§ RECORDS PROVIDED:
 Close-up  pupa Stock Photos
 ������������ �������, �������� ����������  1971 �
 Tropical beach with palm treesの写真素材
--
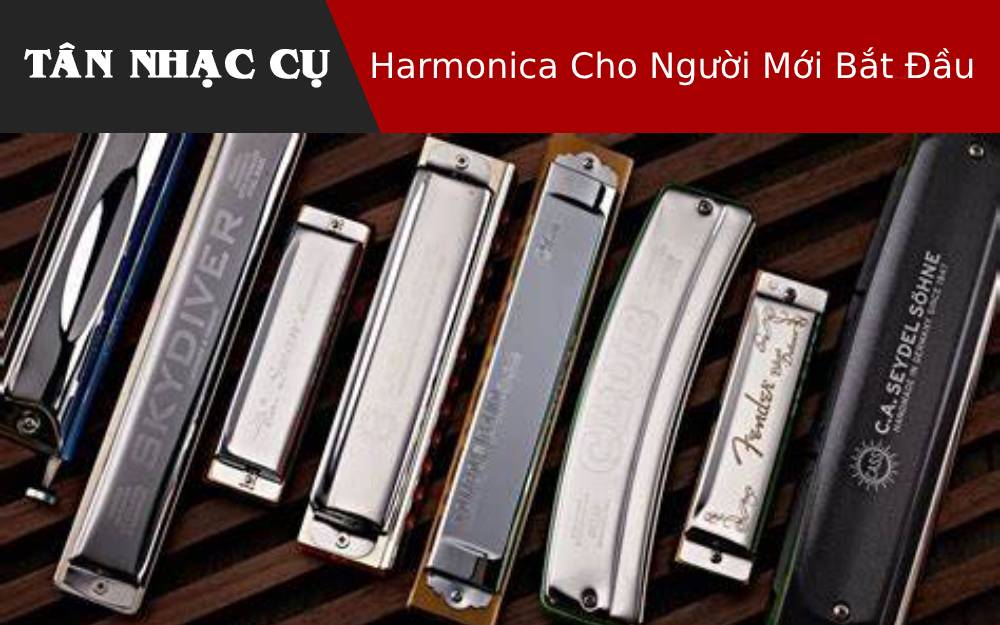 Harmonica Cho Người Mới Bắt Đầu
---
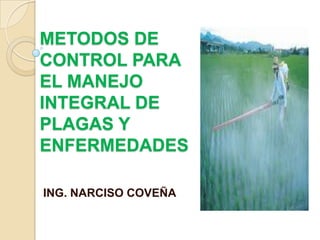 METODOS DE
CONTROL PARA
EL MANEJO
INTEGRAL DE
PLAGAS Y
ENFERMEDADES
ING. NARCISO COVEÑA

§ WHAT IS BEING ASKED:
From the material above, set down exactly the lines between the line holding "CONTROL PARA" and the line holding "ING. NARCISO COVEÑA", inclusive. Include nothing else.

§ SOLUTION TO THIS EXERCISE:
CONTROL PARA
EL MANEJO
INTEGRAL DE
PLAGAS Y
ENFERMEDADES
ING. NARCISO COVEÑA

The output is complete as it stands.